While the proportion of youth households (15-24) with debt has fallen from 20% in 2006 versus 9% in 2018, the average housing debt for an indebted 15– 24-year-old’s household has grown by 60%.
This suggests that the much higher rate of job losses for this age group could lead to pockets of housing stress.
People aged 25-34 were also less likely to have housing debt in 2018 compared with 2006, but had higher median owner-occupier housing debt and an above-average rate of job losses.
Renters are less likely to have significant savings than home owners, and are more likely to experience financial stress.
In an RBA survey in 2018, it was shown that over 60% of renters had less than three months’ liquidity (ie savings in a bank account, cash investments, equity investments), while almost 40% of indebted homeowners had less than three months’ savings.

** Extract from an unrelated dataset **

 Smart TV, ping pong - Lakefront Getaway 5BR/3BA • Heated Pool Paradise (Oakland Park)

The share of gross household income dedicated to rent payments in Australia was 28.5% in June 2019, with capital city rents accounting for 27.8% of gross income, and regional rents accounting for 30.3% of gross income.
The composition of renters has gradually moved towards lower income households.

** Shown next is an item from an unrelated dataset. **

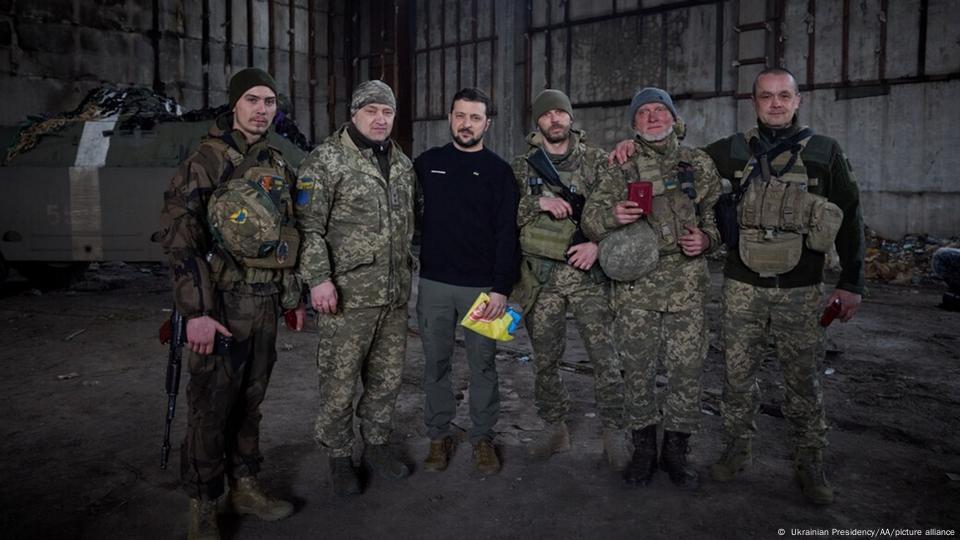 Strategische und symbolträchtige Stadt in der Ostukraine vollständig von russischen Streitkräften umzingelt – Kiew lässt 10k Soldaten im „Kessel“ gefangen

Between 1994 and 1996, 34% of private renter households were in the bottom 40% of income earning households (based on equalised income deciles).
This increased to 38% between 2015 and 2018. At the same time, the price of rental properties has increased substantially, particularly in capital cities, increasing the incidence of rental housing stress (spending 30%+ of income on rent).
The proportion of low income households in rental stress rose from 35% in 2007-08 to 43% in 2017-18.
Most of that rise was in capital cities, where the proportion of low income households under rental stress rose from 38% in 2007-08 to 48% in 2017-18.
Recipients of Commonwealth Rental Assistance are often in rental stress.
Without the assistance, 68% of recipients would have been in rental stress; but 40% were still in rental stress even with the assistance and, as with the total population of low income households, most of those lived in capital cities.
While the life-saving pandemic shutdowns have put downward pressure on rents, renters have also become more likely to experience income disruption.
For example, over the lockdowns of 15 March to 30 May 2020, the share of jobs lost in hospitality was 25.4%; and almost 40% of hospitality workers are renters.
Key industries hit hardest by shutdowns are also more likely to include liquidity-constrained workers.
Housing costs for employee households and government transfer households have both risen around 58% since 2008, outpacing average weekly earnings (44%) and transfer income growth.
So the share of either source of income that is spent on housing has risen.
While those on unemployment benefits are currently receiving a JobSeeker Coronavirus supplement of $550 per fortnight, this is set to expire in September.
The end of fiscal support to households, including JobKeeper and JobSeeker, will increase the likelihood of lower income households and government benefit recipients falling into, or magnifying existing, housing and financial stress.
The government is conscious of this issue and in our view seems likely to lift the base JobSeeker payment and extend the JobKeeper payment in some limited form.
But it seems inevitable, given the size of crisis-related income shocks, that more households will face a period of rental stress.